Every file in Spectrum Scale is made up of zero or more (non-contiguous) disk blocks. The last block of a file can be underutilized, especially for small files, causing internal fragmentation. To minimize this fragmentation, a disk block is divided into smaller units called sub-blocks. The tail of a file can be placed in a contiguous set of sub-blocks that is smaller than a full disk block.
In file systems created before Spectrum Scale version 5.0, disk blocks are divided into a fixed number of 32 sub-blocks. This means that a larger block size will result in a larger sub-block size which presents a problem for file systems with a mix of small and large files. A large block size would improve large file sequential I/O but would also lead to more internal fragmentation for smaller files on the same file system. This not only degrades disk space utilization but also increases the I/O overhead for small files.
The root of the above problem is that the smallest unit of I/O, aka a sub-block, is proportional to the largest unit of I/O, aka a block. The variant sub-blocks feature addresses this limitation.
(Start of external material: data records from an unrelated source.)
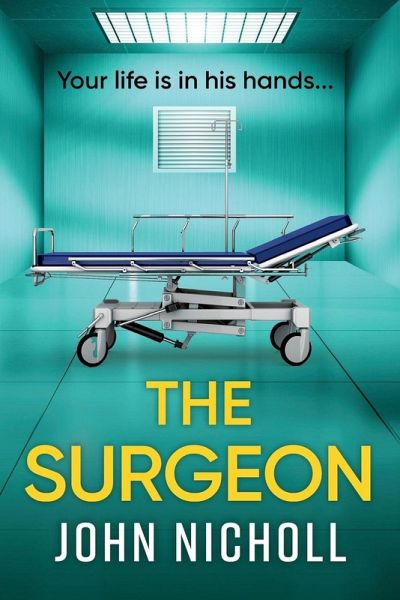 The Surgeon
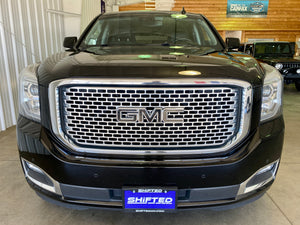 2016 GMC Yukon Denali 6.2L AWD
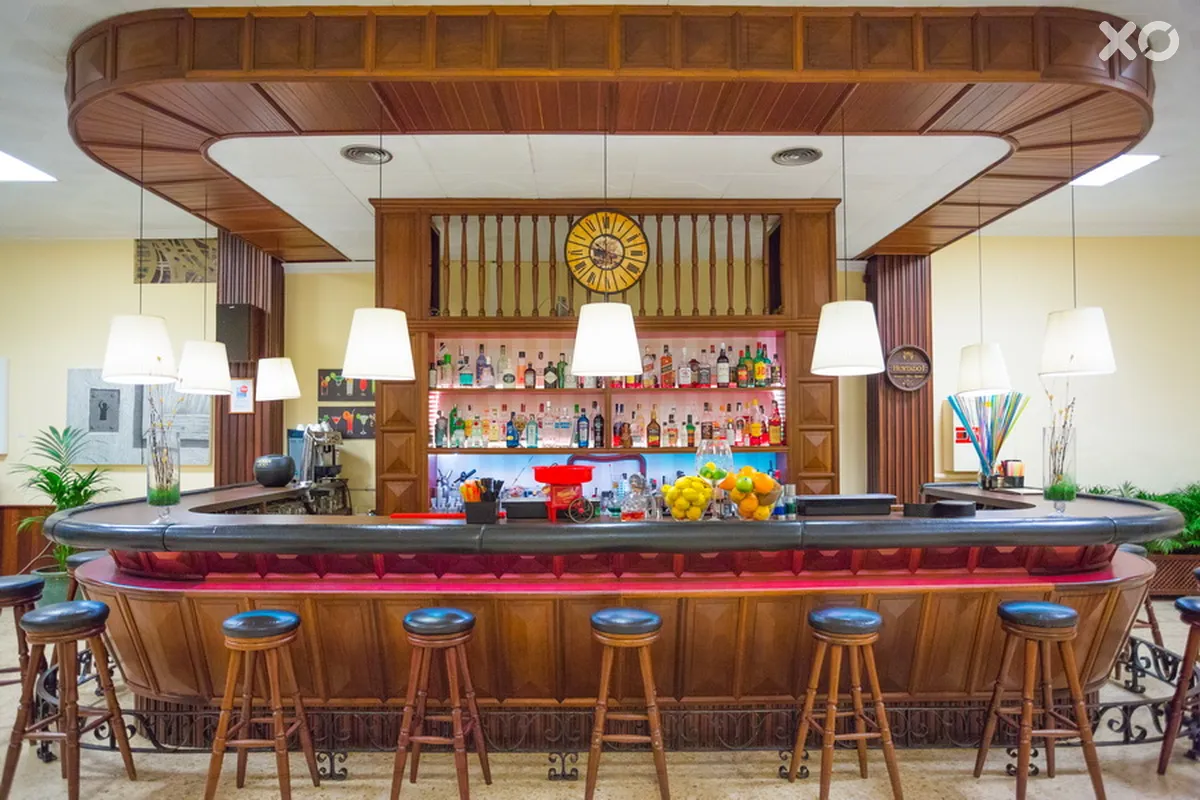Marte Hotel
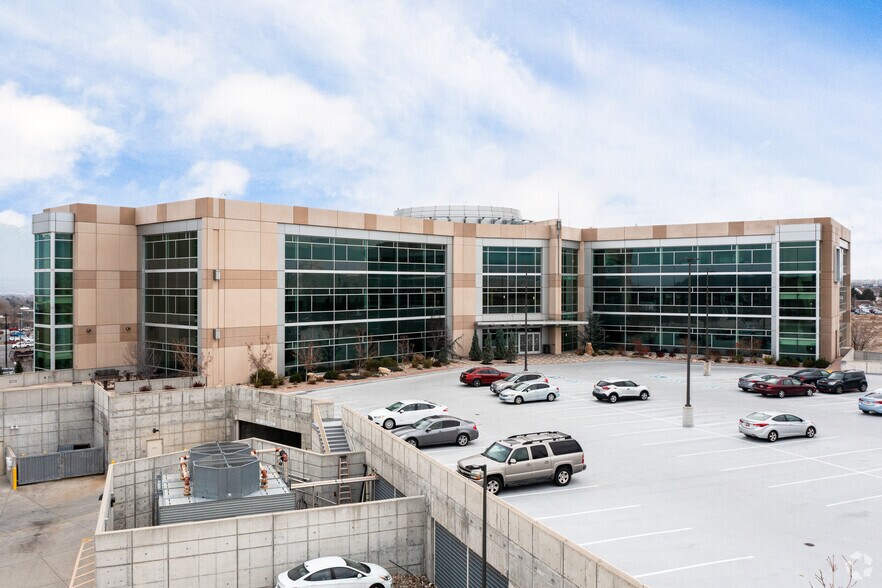 More Photos Of 7181 S Campus View Dr, West Jordan Office For Lease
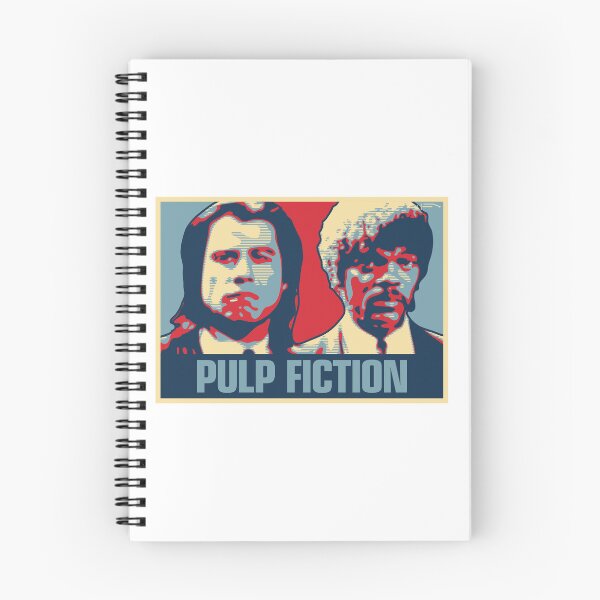 Item preview, Pulp Fiction designed and sold by DFA.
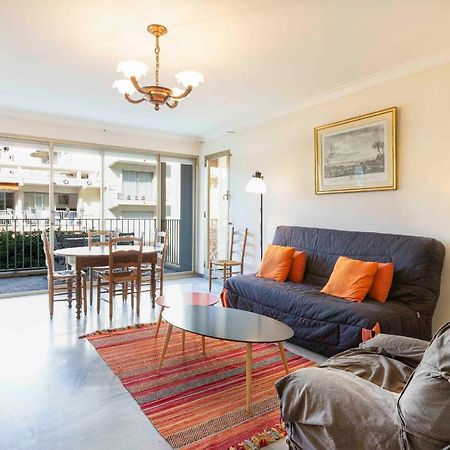 Appartement Cap d'Antibes Extérieur photo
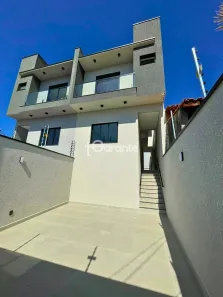 Sobrado com 3 Quartos à venda, 127m² no Jardim Universo, Mogi das Cruzes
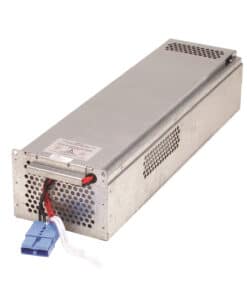 APC vervangingsbatterij patroon #27 - Afbeelding 2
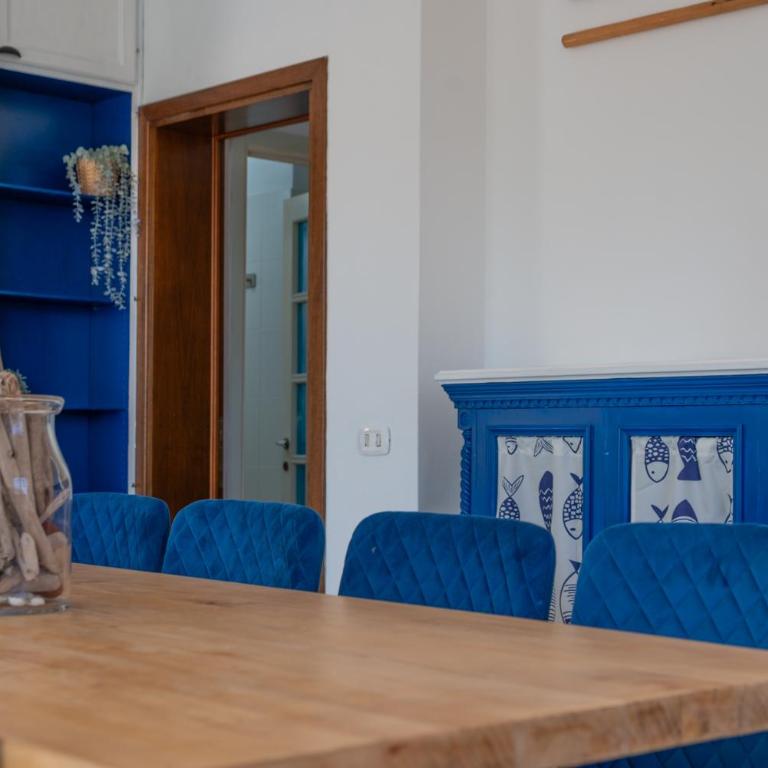Villa Stellamare - Goelba - Casa con 3 Camere da Letto - 15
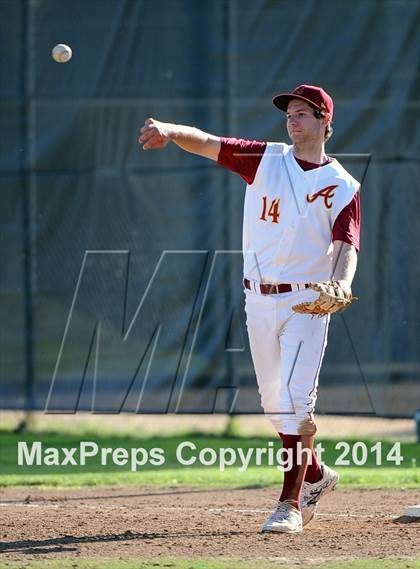 Thumbnail 2 in Charter Oak @ Arcadia (Dick's Sporting Goods Tournament) photogallery.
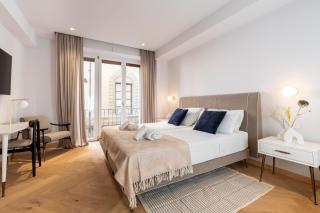 The Old Palace- Luxury Suites Signoria - Florencia - 8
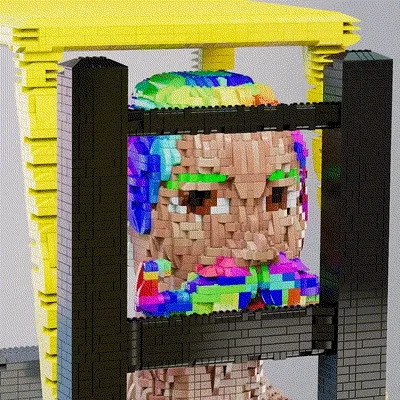 Bricktopians By Law Degree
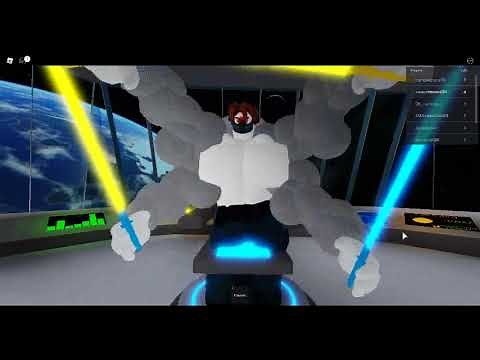 Roblox: 💪Mega Noob Simulator💪- General Bacon Boss Fight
For newer file system created with Spectrum Scale 5.0 (file system format version >= 5.0), a disk block is no longer divided into a fixed number of sub-blocks. Instead, for a given block size, an optimal sub-block size is chosen by the system. The following table illustrates this –
|Block size||Sub-block size|
|64 KiB||2 KiB|
|128 KiB||4 KiB|
|256 KiB, 512 KiB, 1 MiB, 2 MiB||8 KiB|
|4 MiB (default)||8 KiB|
|8 MiB||16 KiB|
|16 MiB (Spectrum Scale RAID only)||16 KiB|
Note that the default block size for new file systems is 4 MiB. This provides the best balance between I/O performance and disk space utilization. For more information please refer to Suggested file system block size.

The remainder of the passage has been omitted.